Drying is a commonly used to enhance the stability of fresh harvest biomass. However, the quality of biomass can be significantly affected by the drying process, particularly when high temperatures or long drying times are employed [16]. Low-cost methods like solar drying require ample spaces and favourable climate conditions, while other traditional methods, such as hot air drying, though widely used in the industry, are energy-intensive, time-consuming, and involve high temperatures. These factors can potentially compromise the quality of the final products and thus, advanced drying technologies, such as freeze-drying, fluidized bed drying, microwave drying, and spray drying have been developed for specific applications. However, these new methods can often be time- or energy- consuming processes that could be improved, and US emerges as a potentially new drying alternative due to several mechanisms: (i) Cavitation induces acoustic streaming and microstreaming in the drying medium or material being dried. These streaming effects disrupt the boundary layer of moisture near the surface, reducing the stagnant air or vapour film thickness, promoting a fast and efficient mass transfer of moisture from the material to the surrounding drying medium, resulting in accelerated drying rates Zhu et al. [156], Zhu et al. [157]; (ii) US is able to increase the surface area of the target material as the cavitation generates bubbles on the surface of the material or within the drying medium. These bubbles collapse violently, leading to the generation of localized turbulences and small droplets or microbubbles. The increased surface area due to these microbubbles enhances the contact between the drying medium and the material, facilitating more efficient moisture evaporation [151]; (iii) Ultrasonic waves can disrupt the diffusion pathways within the material being dried [13]. The mechanical vibrations induced by US can help to break down the structural barriers, such as cell walls or barriers between moisture-containing regions, allowing moisture to move more freely and accelerating the drying; (iv) Ultrasonic waves can generate localized heating due to the absorption of sound energy by the material. This localized heating can contribute to faster moisture evaporation and drying Zhu et al. [154], Zhu et al. [155].

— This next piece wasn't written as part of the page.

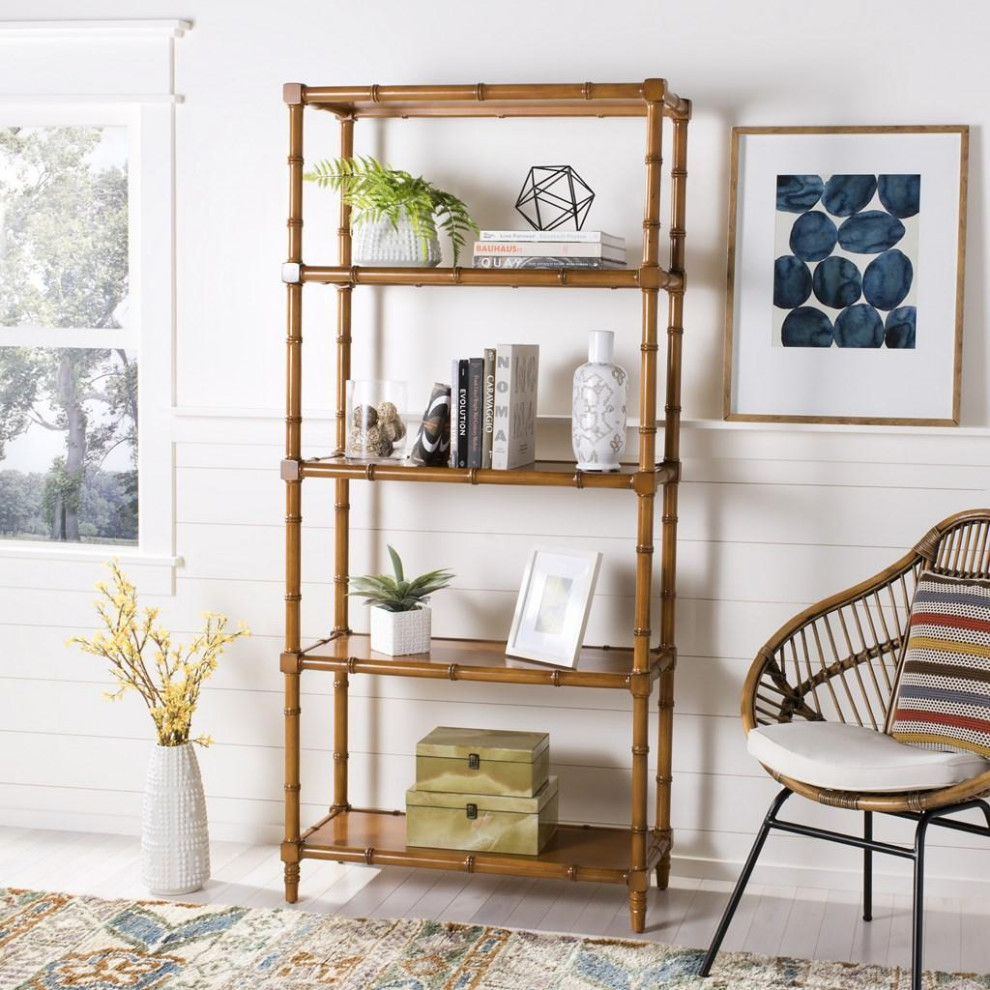 Shem 4 Tier Etagere/Bookcase  Brown   Asian   Bookcases   by Rustic Home Furniture Deco  Houzz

Additionally, US can help in distributing the heat more evenly within the material, reducing the risk of overheating or localized hotspots during drying. Ultrasonic waves can prevent or minimize case hardening, which is the formation of a dry outer layer that hinders moisture evaporation from the inner layers. Zhu et al. [156], Zhu et al. [157]. The mechanical agitation provided by US disrupts the surface layer and prevents the formation of a moisture barrier, allowing uniform and efficient drying [123]. US-assisted drying can also preserve the quality of the dried products by reducing the drying time and operating at lower temperatures, minimizing heat-induced degradation, colour changes, loss of volatile compounds, total polyphenols, and other quality deterioration that can occur during traditional drying methods. Thereby, Zhu et al. [156], Zhu et al. [157] employed both US probe and air-borne US assisted fluidized bed drying to dry seaweed samples. The researchers reported that the US-assisted drying process induced lower colour changes and preserved total polyphenol contents in the dried samples when compared to conventional hot air drying Zhu et al. [156], Zhu et al. [157]. Pei et al. [95] explored the use of multiple temperatures when drying saffron by far-infrared assisted US. They found that 30 s US with far-infrared drying at 50 °C maintained a better quality of the dried saffron in terms of their profile of volatile compounds compared to that of far-infrared drying alone.

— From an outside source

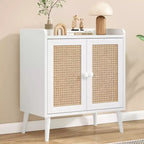 Mobile credenza per buffet, credenza da cucina con ante in rattan e striscia deflettore sul piano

In order to scale-up US-assisted drying processes, the drying kinetics need to be well established. To model the water transfer during US-enhanced drying, various approaches can be considered, including diffusional models based on Fick's law with varying degrees of complexity and several empirical models. While these models do not explicitly incorporate ultrasonic factors, they can account for the influence of US when drying by adjusting the kinetic parameters. For the diffusion models, the temperature is considered to be uniform, and both the sample volume and effective moisture diffusivity are constant during drying. The governing equation for cube geometry is shown in Eq. (12).

Wpx,y,z,tt=De2Wpx,y,z,tx2+2Wpx,y,z,ty2+2Wpx,y,z,tz2 (13)

Where De is the average effective moisture diffusivity, Wp is the local moisture content, t is the time, and x,y,z are the characteristic coordinates of each geometry.

Another modelling strategy is to use empirical models. Empirical models,such as Newton, Henderson and Pabis, Weibull, Page, Midilli et al., etc. are widely employed and studied to simulate US-assisted drying processes for food products [73], [126],Zhu et al. [156], Zhu et al. [157]. These models were successfully employed for drying different materials. Compared to the diffusion models, the computation of empirical models is much easier. However, the use of empirical models to simulate US-assisted drying does not provide insights into the underlying mechanisms of mass transfer during the drying process. Additionally, empirical models rely exclusively on product properties or working conditions, limiting their explanatory power. Therefore, it is recommended to consider both empirical and diffusion models when modelling the US-assisted drying processes to provide a more comprehensive understanding of the mass transfer mechanisms underlying these effects.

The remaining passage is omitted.